Стерлись изначальные грани между «допустимо» и «недопустимо», «можно» и «нельзя», «вероятно» и «невозможно». Отошли в тень любые предрассудки и каноны каждой из культур, долгие переговоры, компромиссы и несогласия, противостояние и договоренности. Так легко потерять голову в сильных руках того, кто, по сути, является врагом в этой необъявленной войне, сглаженной убаюкивающей поступью дипломатии. Выгибаться на алых шелках навстречу его рукам, поцелуям, ловить биение сердца всеми нервными окончаниями, млеть от ощущения того, что сейчас сердца бьются в унисон; сдерживать готовый вырваться из горла крик ошеломляющего восторга, жадно ловить устами не знающие пощады и усталости губы мужчины, пить из этого источника бессмертия глубокими глотками до скончания времен.
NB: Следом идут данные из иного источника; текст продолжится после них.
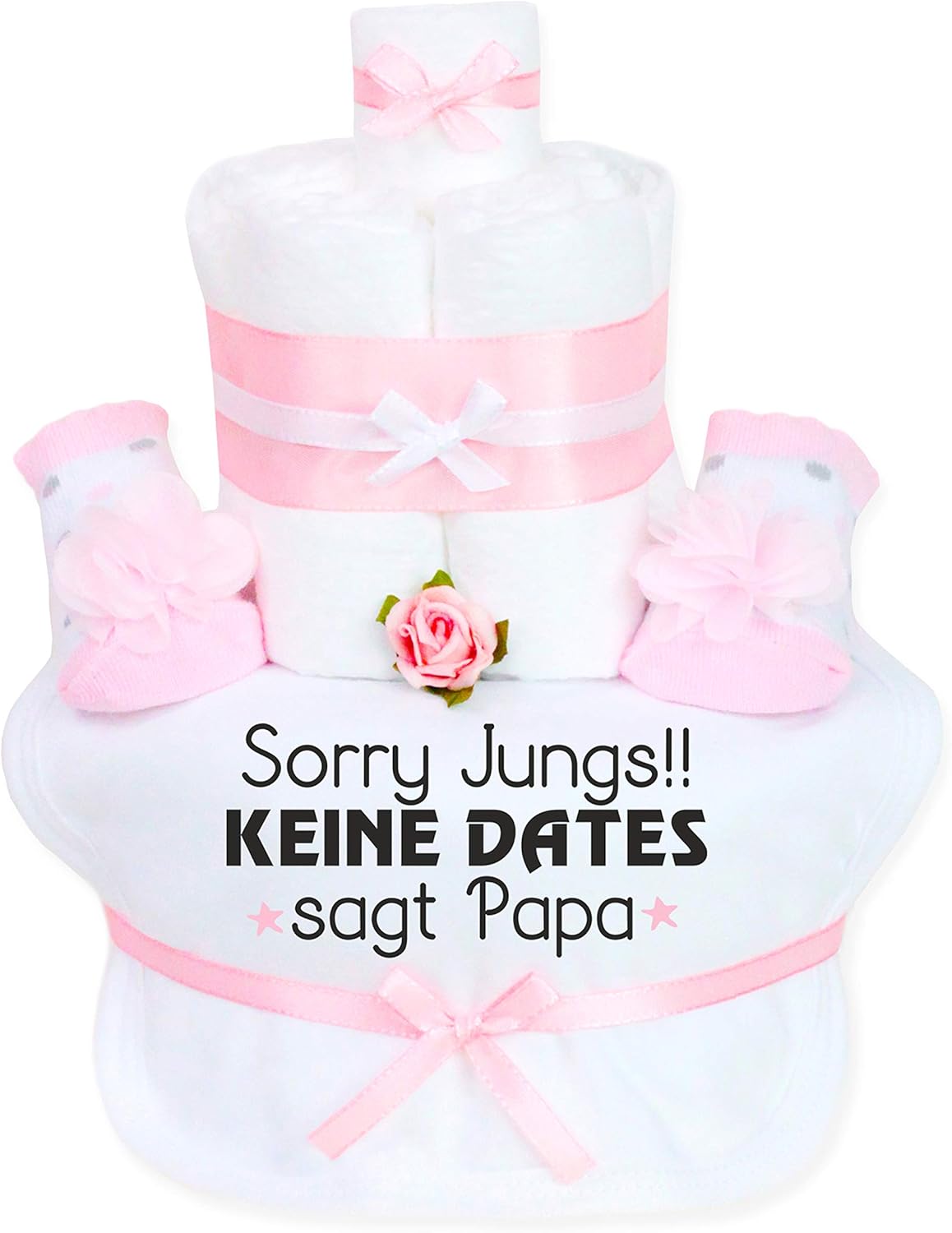 Trend Mama Windeltorte Mädchen -Babysocken + Lätzchen handbedruckt mit coolem Spruch -Sorry Jungs!! Keine Dates sagt Papa-hochwertig verpackt im Geschenkkarton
Руки, язык и губы Аларикса действительно не готовы щадить прекрасную гостью империи, но она и сама этого не желает.
Скользит тонкими перстами по гладкой коже его головы, непроизвольно сжимая ладони, что вызывает в нем подобие внутренней улыбки – рефлекс схватить за волосы и причинить боль прописался в ней едва ли не с рождения. Неистовая страсть дочерей матриархата стала для Аларикса самым ошеломительным и радостным открытием. Латиме пока не остается ничего другого, как вести по его коже росчерком ногтей. Наверняка останутся отметины их страстного первобытного воссоединения, но такая боль не пугает, она даже желанна в некотором смысле.